(314d) Antibody Affinity and Specificity Co-Optimization Via Machine Learning
AIChE Annual Meeting
2022
2022 Annual Meeting
Food, Pharmaceutical & Bioengineering Division
Computational, Structure, Biophysical Protein Engineering
Tuesday, November 15, 2022 - 1:24pm to 1:42pm
To better understand antibody sequence-property relationships, high-throughput screening of antibody libraries is commonly combined with next-generation sequencing (NGS). In applications of this technique, large repertoires of antibody mutants are screened based on their ability to bind to a specific reagent, labeling them as either positive or negative. Each bin of mutants is subsequently sequenced, providing the amino acid string of each antibody in each bin. Though this data represents a monumental step towards revealing sequence-property relationships, its use for rational therapeutic antibody design remains substantially limited. This is because the binary deep sequencing data obscures intra-class variation and does not provide information regarding the continuous nature of binding. Continuous measurements are necessary to tune properties that exhibit strict tradeoffs such as affinity and specificity.
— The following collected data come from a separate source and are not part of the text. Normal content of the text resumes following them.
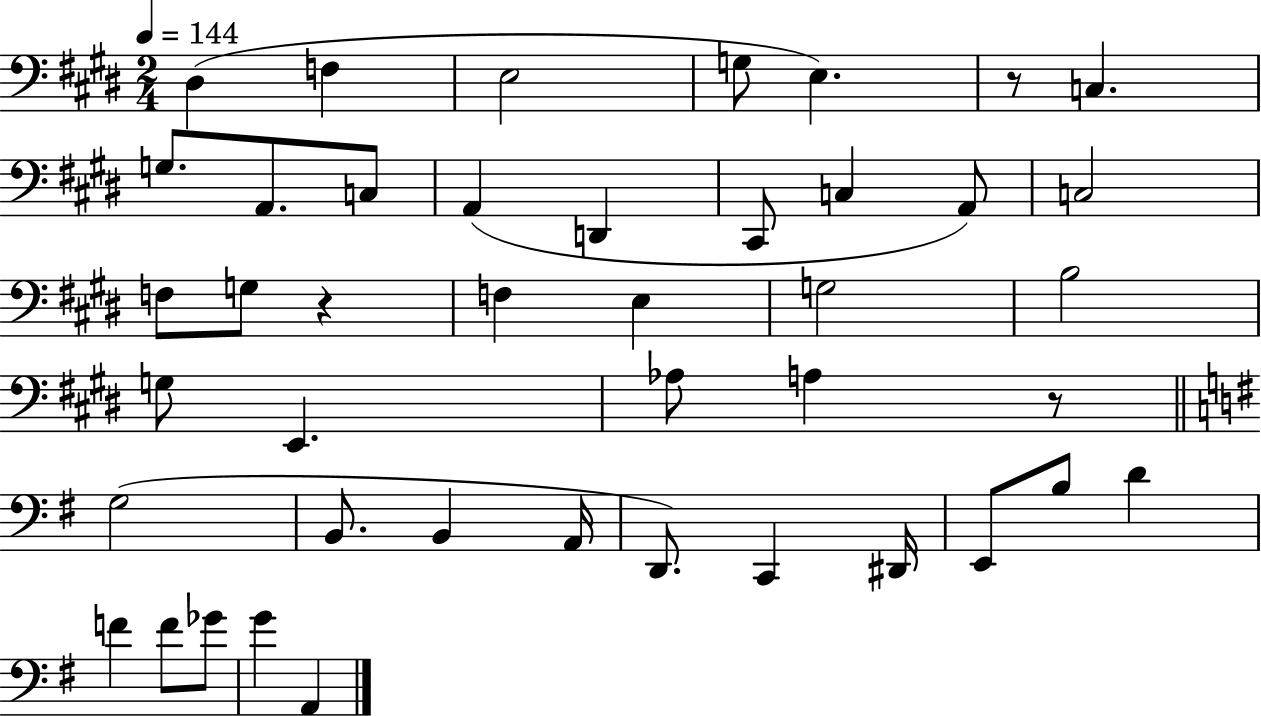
{
  \clef bass
  \numericTimeSignature
  \time 2/4
  \key e \major
  \tempo 4 = 144
  dis4( f4 | e2 | g8 e4.) | r8 c4. | \break g8. a,8. c8 | a,4( d,4 | cis,8 c4 a,8) | c2 | \break f8 g8 r4 | f4 e4 | g2 | b2 | \break g8 e,4. | aes8 a4 r8 | \bar "||" \break \key g \major g2( | b,8. b,4 a,16 | d,8.) c,4 dis,16 | e,8 b8 d'4 | \break f'4 f'8 ges'8 | g'4 a,4 | \bar "|."
}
In this work, we introduce a method that enables the co-optimization of antibody affinity and specificity by applying protein sequence feature-extraction methods and supervised dimensionality reduction methods for the extraction of continuous predictions of binding from binary deep sequencing data. We focused on the optimization of emibetuzumab, a stage 2 clinical anti-cancer antibody with high on-target (affinity) and off-target binding. We combined NGS and high-throughput screens to generate datasets consisting of thousands of antibody sequences with CDR mutations labeled for both affinity and specificity. We next applied a variety of machine learning methods to extract features from each of our labeled sequences. Using these feature sets, we were able to use linear discriminant analysis (LDA) or more complex neural networks (NNs) to further characterize the data. We found that using both LDA and NN classification methods enabled extraction of continuum projections of our antibody features. These projections correlated strongly with low-throughput, continuous measurements from selected clones in our library. Thus, by applying learned projections to each of the sequences in our library, we were able to estimate the continuous affinity and specificity of each clone and characterize the tradeoff between these two properties. Our analysis also facilitates multi-objective (Pareto) optimization of affinity and specificity.
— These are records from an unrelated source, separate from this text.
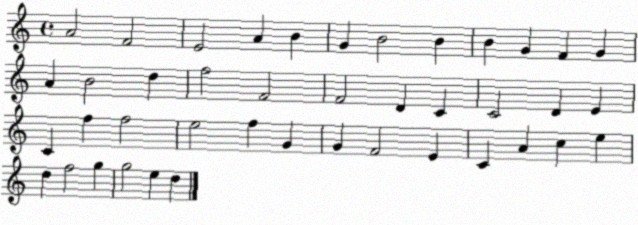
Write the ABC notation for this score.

X:1
T:Untitled
M:4/4
L:1/4
K:C
A2 F2 E2 A B G B2 B B G F G A B2 d f2 F2 F2 D C C2 D E C f f2 e2 f G G F2 E C A c e d f2 g g2 e d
We next identified maximally optimized sequences along the Pareto frontier, which comprises the set of antibodies that cannot improve specificity or affinity without sacrificing the other property. We predicted new clones containing in- and out-of-library mutations that lie at or beyond the Pareto frontier in order to improve both affinity and specificity at the same time. Using this method, over half of the antibodies we generated exhibited improved affinity and specificity compared to wild-type emibetuzumab, some of which went beyond the Pareto frontier in the original library.
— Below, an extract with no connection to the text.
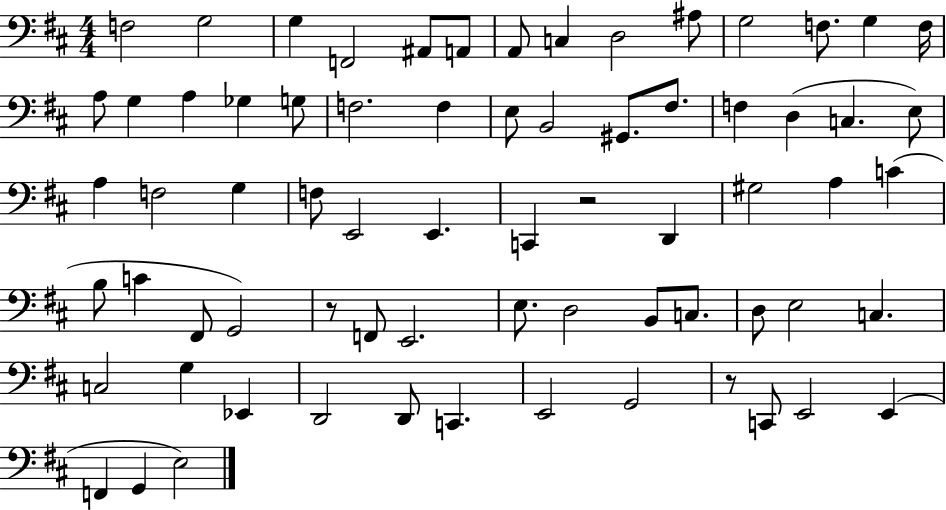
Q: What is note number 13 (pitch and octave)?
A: G3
Our combination of feature extraction and LDA- or NN-based dimensionality reduction provides two key advantages in antibody design. First, by characterizing tradeoffs between biophysical properties at scale, we can rationally select the combination of properties most likely to exhibit clinical efficacy, as opposed to optimizing one property at the expense of others. Secondly, some of our feature sets enable extrapolation to novel mutational space. We expect this methodology will facilitate optimization of therapeutic antibody biophysical properties and accelerate rational therapeutic antibody development.